== Segment start ==

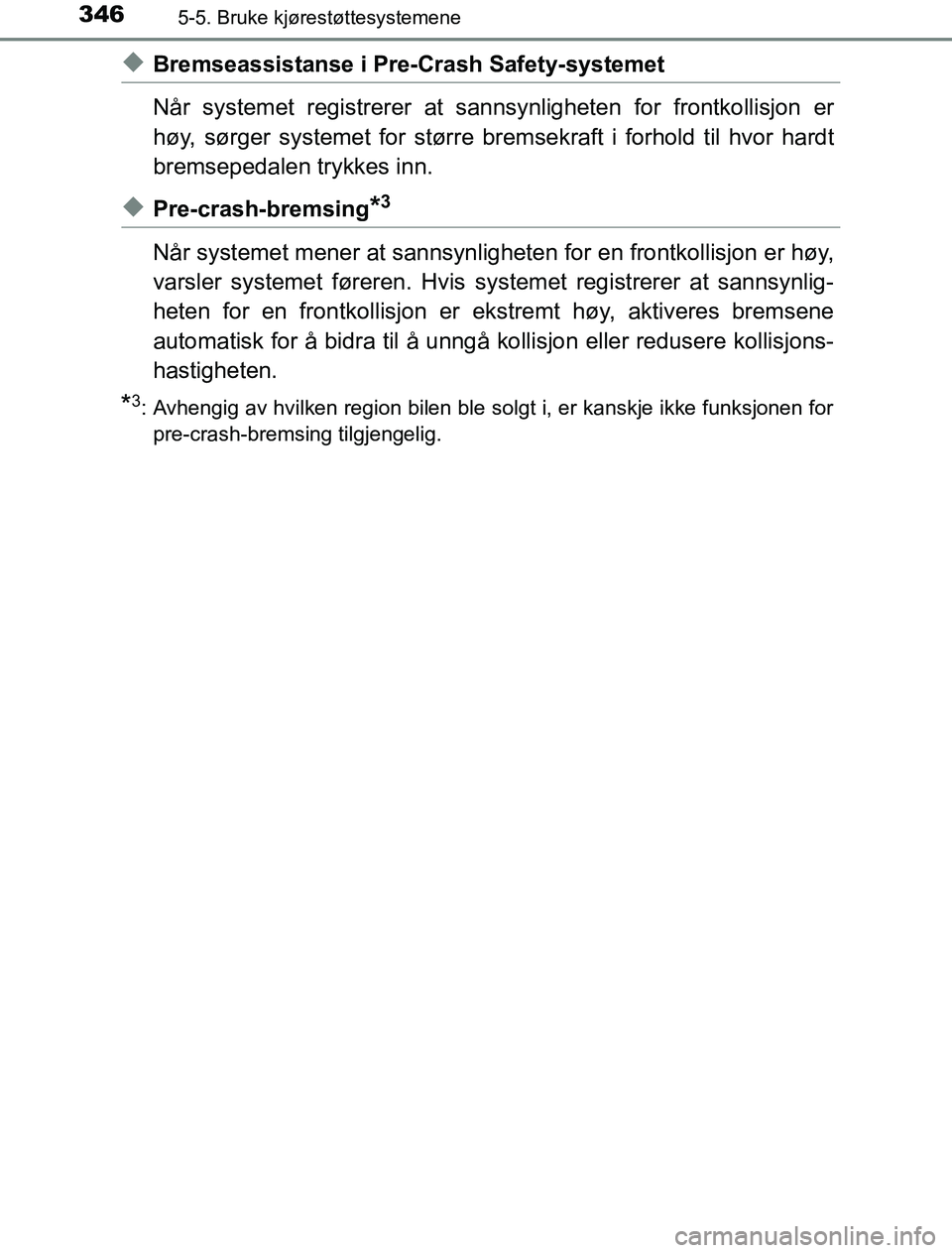 TOYOTA PRIUS PLUG-IN HYBRID 2016 Instruksjoner for bruk (in Norwegian) 3465-5. Bruke kjørestøttesystemene
OM47A89NO
uBremseassistanse i Pre-Crash Safety-systemet
NÃ¥r systemet registrerer at sannsynligheten for frontkollisjon er
høy, sørger systemet for større brems TOYOTA PRIUS PLUG-IN HYBRID 2016 Instruksjoner for bruk (in Norwegian) 3465-5. Bruke kjørestøttesystemene
OM47A89NO
uBremseassistanse i Pre-Crash Safety-systemet
NÃ¥r systemet registrerer at sannsynligheten for frontkollisjon er
høy, sørger systemet for større brems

== Segment end ==

## About this exercise
Going through the listing above, please work out how many lines contain the word "sørger", and give the number alone.

## Expected answer
2